Cloud Run is Google Cloud’s managed serverless platform for running containers. You package your application into a container image, push it to Google Cloud, and Cloud Run handles everything else: load balancing, scaling, TLS, and the underlying servers. You pay only for the CPU and memory used while your service is actually handling requests. This guide explains what Cloud Run is, how it works, and when it is (and is not) the right tool for your workload.

Cloud Run in simple terms

Imagine you have a web app inside a Docker container sitting on your laptop. Cloud Run takes that container and runs it in Google’s infrastructure. No servers to rent, no OS to patch, no load balancer to configure. When someone sends a request to your app, Cloud Run starts a container instance to handle it. When requests stop, the instances shut down and you stop paying.

The key idea: you bring the container, Cloud Run brings everything else. Your job is to make sure the container listens on the right port and does not store anything important on local disk. Google’s job is to run it reliably and scale it automatically.

Analogy

A Cloud Run service is like a self-checkout queue that opens new lanes automatically when customers arrive and closes them when it goes quiet. You pay per lane only while it is in use. The trade-off: opening a brand-new lane takes a moment, so the first customer in a newly opened lane waits a bit longer. That delay is the cold start.

Tip

Not sure which GCP compute service to use? If your app fits in a container and responds to HTTP requests, Cloud Run is the right default. Switch to something else only when you hit a specific limitation.

What is Cloud Run?

Cloud Run is a fully managed, serverless container platform on Google Cloud. Here is what that means in practice:

  • Fully managed: no VMs, no OS patching, no capacity planning. Google manages the underlying infrastructure.
  • Serverless: you do not provision or configure servers. Resources appear automatically when needed.
  • Container-based: you deploy a standard container image, not code in a specific language or runtime format.
  • Request-driven: Cloud Run starts instances when requests arrive and stops them when traffic drops.
  • Scales to zero: if no requests come in, all instances stop and compute billing stops with them.
  • Stateless: each instance is ephemeral. Nothing written to local disk survives a restart.

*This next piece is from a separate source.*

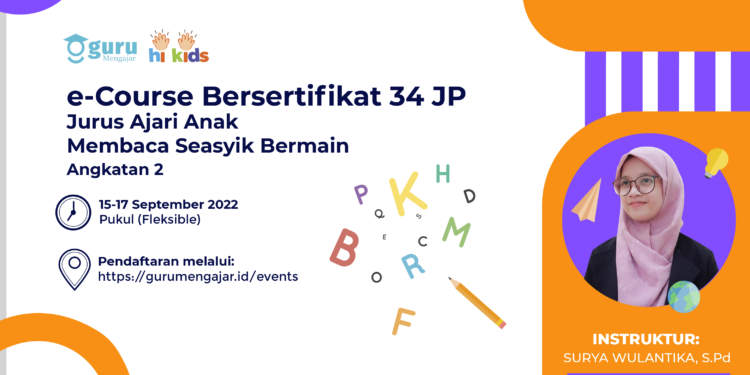 Sertifikat Jurus Jitu Ajari Anak Membaca Seasyik Bermain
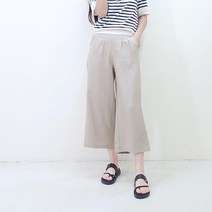조이나인 캐주얼 뒷밴딩 8부 통바지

Cloud Run runs stateless HTTP services. If your application responds to HTTP requests and does not depend on local disk state between requests, Cloud Run is almost certainly the simplest way to run it on Google Cloud.

How Cloud Run works

Here is the full lifecycle from code to live service:

  1. You write your app and a Dockerfile. The app must listen on the PORT environment variable.
  2. You build the container image and push it to Artifact Registry, Google’s managed container registry.
  3. You deploy the image to Cloud Run, choosing a region and configuration options.
  4. Cloud Run provisions a Google-managed HTTPS endpoint for your service.
  5. When a request arrives, Cloud Run routes it to an available container instance.
  6. If no instance is ready, Cloud Run starts a new one. That startup delay is the cold start.
  7. Each instance can handle multiple concurrent requests simultaneously (default: 80 per instance).
  8. When all instances are at capacity, Cloud Run starts additional instances automatically.
  9. When load drops, surplus instances are stopped after a short cooldown window.
  10. At zero traffic, all instances stop and compute billing drops to zero.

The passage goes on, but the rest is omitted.